Asian sell-off creates opportunities for investors

Asian sell-off creates opportunities for investors
Market concerns about bubbles in China are vastly over exaggerated
Andrew Beal, portfolio manager at Henderson TR Pacific Investment Trust plc.
Even though markets have declined, Asia looks set to escape the worst impact of the European debt problem, says Andrew Beal, portfolio manager at Henderson TR Pacific Investment Trust plc.

Despite the current European debt crisis, economic data indicates that Western problems will have a limited impact on their Asian counterparts. Beal predicts that the region's markets will return 10-20% by the end of 2010.

Asia's economic momentum remains very strong. At the start of the year, the greatest fear was that the region's economies were growing too fast and risked higher inflation. Slower growth in Europe and the US may actually help alleviate these fears.

There is limited risk that slower Western economies will derail Asia. Beal says, "Depending on the country in question, Europe receives approximately 10-20% of Asian exports resulting in 5-10% of Asian GDP exposed to Europe, thus even in a very negative scenario we would see, at most, a couple of percentage points knocked off Asian GDP growth."
The rebalancing of Asian economies towards domestic consumers continues to gather momentum.

Wages in China have been increasing rapidly in recent months. Beal argues that this is part of government policy designed to put more money in workers' pockets and to encourage a move within the manufacturing industry towards the lower cost and less developed Western provinces. We are also likely to see more low end manufacturing moving to Vietnam, Indonesia and India but the chances of these economies taking China's place in higher end manufacturing is low in Beal's opinion.

He argues that "the infrastructure and skills just do not exist in these countries to allow them to take significant share from China. In the industries where China has a sustainable advantage, Western companies and consumers are just going to have to absorb these additional wage costs".

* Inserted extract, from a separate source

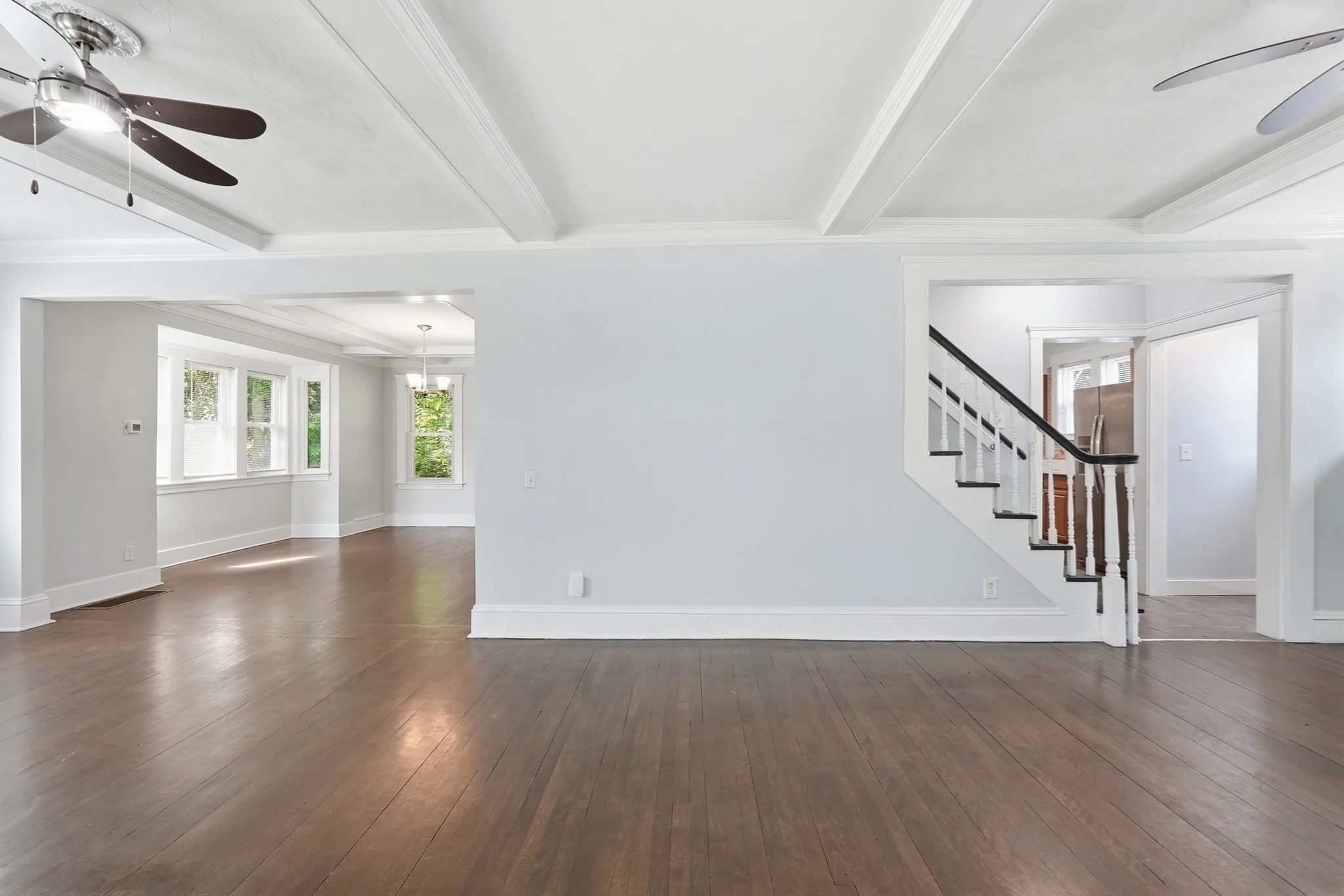 4 bed, 2 bath apartment for rent at 14 Saint Elmo Rd, Tatnuck — photo 2 of 35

Beal notes that the policy of allowing higher wages in China is possible at the moment precisely because the economies of the West are so weak, "slow growth in Europe and the US keeps commodity prices under control and prevents higher wages in China leading to a build up of inflationary pressure".

Beal also dismisses fears that "bubble" conditions exist in China, stating: "Market concerns about bubbles in China are vastly over exaggerated and this misplaced market fear is creating a number of interesting stock plays.

“The presence of well capitalised liquid banks and predominantly debt-free consumers has created a positive outlook for earnings across Asia. This is particularly true of China, Hong Kong and Taiwan, where we are finding more stocks to buy.

"Despite the currently fragile sentiment towards markets, defensive behaviour is too late and investors now need to slowly average into these markets over the course of the next couple of months with a view to being fully invested by the end of the summer," said Beal.